• High Commissioner Namgya Khampa in an interview said India sees millets as an important contributor to food security and nutritious food basket.
• And as the largest producer of millets, they would like to shine a spotlight on how the produce can produce to global food security and nutritious food basket.
India to Kenya will partner with national and county governments to promote research and growing of millets to achieve food security.
Indian High Commissioner Namgya Khampa said her government sees millets as an important contributor to the food security and nutrition. And as the largest producer of millets, they would like to shine a spotlight on how the produce can contribute to global food security and nutritious food basket.
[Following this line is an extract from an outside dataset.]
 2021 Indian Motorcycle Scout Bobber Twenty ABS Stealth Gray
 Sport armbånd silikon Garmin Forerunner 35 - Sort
“Millets do not require too much water to grow as well as chemicals and fertilisers. Therefore, they can be very useful in contributing to food security in countries where water is scarce and we know Kenya is going through a period of drought,” Khampa said at the High Commission in Nairobi.
“Expanding millets production can, therefore, address some of these challenges that governments, consumers and farmers face, as well as mitigating the adverse effects of climate change."
She said the government of India will scale up partnerships that revolve around millets across the world, and in regards to Kenya, it will help in millets production, transfer of technology, of seeds and through capacity building programmes.
“We see opportunities in engaging the government of Kenya as well as the counties in specific aspects of agriculture, including millets," Khampa said.
"For instance, capacity building is an area that comes to mind, where we can assist counties especially those that grow millets to impart some of the lessons and experiences from India either through visits to India, virtually or sending experts here."
According to the International Rescue Committee, about 5.4 million people are projected to face high levels of acute food insecurity between March and June this year, of which 1.2 million people will likely be in the emergency phase. This translates to a 43 per cent increase of people facing high levels of food insecurity compared to the same period last year.
Senator Kennedy Mong'are of Nyamira county, which grows millet, said that the national government through the Ministry of Agriculture and the counties must consider promoting growing of millets.
“There are many counties that have sufficient land required to grow millet in Marsabit, the lowlands of counties in Nyanza, Western and Eastern. And the growing of millet does not require much. No fertiliser and much rainfall. This is an idea whose time has come,” he said.
Senator Mong'are further opined that there is need for joint effort to push for diversification from maize, which has traditionally been the staple food.
He said lack of advocacy is to blame for the lack of this diversity.
“If you look at the old government system, we used to have extension agricultural officers who have since diminished. These are experts who would be guiding and advising farmers,” the senator said.
"We should have advocacy on social and mainstream media, through governments and elected leaders talking to their people. With that, we will create awareness about millets as a staple food and supplement maize."
Kenya Association of Manufacturers chairman Rajan Shah said there is a huge gap between the farmers, the agro-processers and the market, a challenge they are working on.
Climate-resilient food has been found to withstand harsh conditions, thereby helping to ensure food and nutrition security.
Drought resistant crops include green grams, sorghum, millets, pigeon peas, cowpeas and groundnuts.
On Saturday, India Prime Minister Narendra Modi launched the Global Millet (Shree Anna) Conference in New Delhi.
The High Commission in Nairobi streamed the event for about 60 representatives from Indian community organisations, millet and agri- based businesses and professionals.
The conference in New Delhi was attended by agriculture ministers from various countries, international organisations, businesses, researchers, farmers and other stakeholders dealing with millets.
Prime Minister Modi highlighted the climate resilience of millets, saying they have a huge capacity to contribute towards safeguarding the health of both humans and the soil.
The United Nations General Assembly declared 2023 as the International Year of Millets on March 5, 2021 on India's proposal, which was backed by 72 countries including Kenya.
The India High Commission said the year is being observed to enhance awareness of millets for food security and nutrition, enhance investment in research and development.